Your answer must be an exact copy of the lines below, from the first through the one with "Now let's get", with no pictures.

__Given material__
-- Opening Marker --

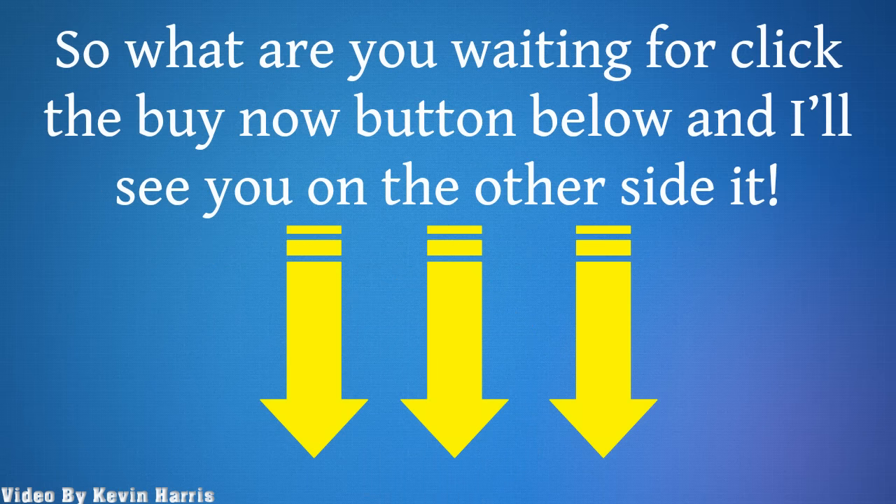So what are you waiting for? Click the Buy Now button below and I'll see you on the other side.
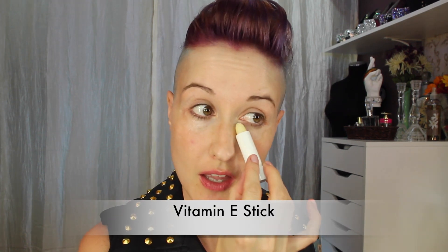Now let's get straight into the tutorial. To start, I want to take a vitamin E stick and just run that underneath my eyes — one swipe will do — and just pat that in with my finger to work it into the skin.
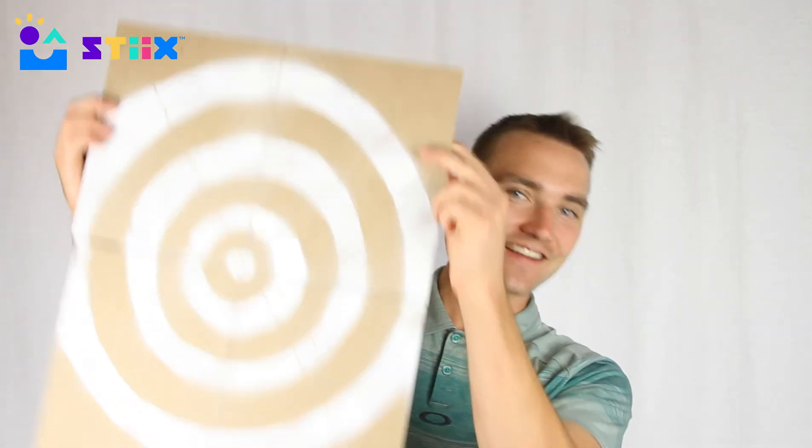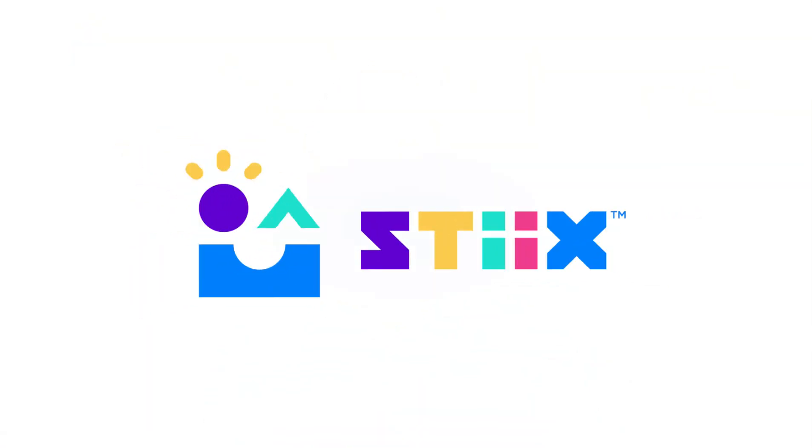We will see you in the next video where we show you just how we use this thing to test your catapults.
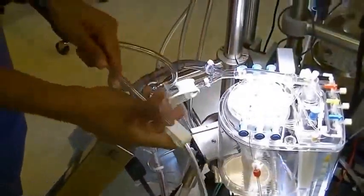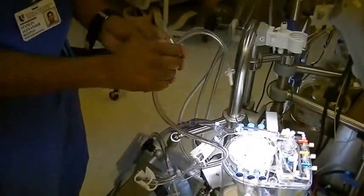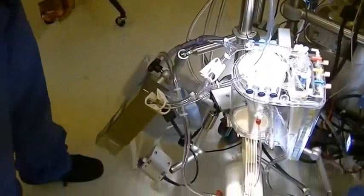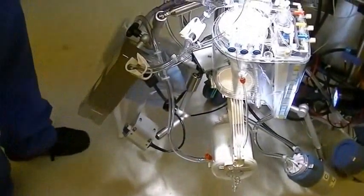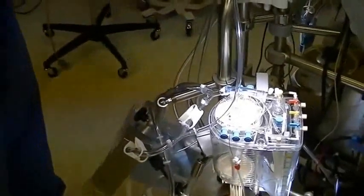Now the next thing you want to do is just clamp this Roberts clamp for now. While you are priming it, you will open it again. The next best thing to do is probably set up the pump suckers in case you are in an emergency and you might have to go on sucker bypass. It might be a good idea to set up the pump suckers.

-- Closing Marker --

__Response for this exercise__
So what are you waiting for? Click the Buy Now button below and I'll see you on the other side.
Now let's get straight into the tutorial. To start, I want to take a vitamin E stick and just run that underneath my eyes — one swipe will do — and just pat that in with my finger to work it into the skin.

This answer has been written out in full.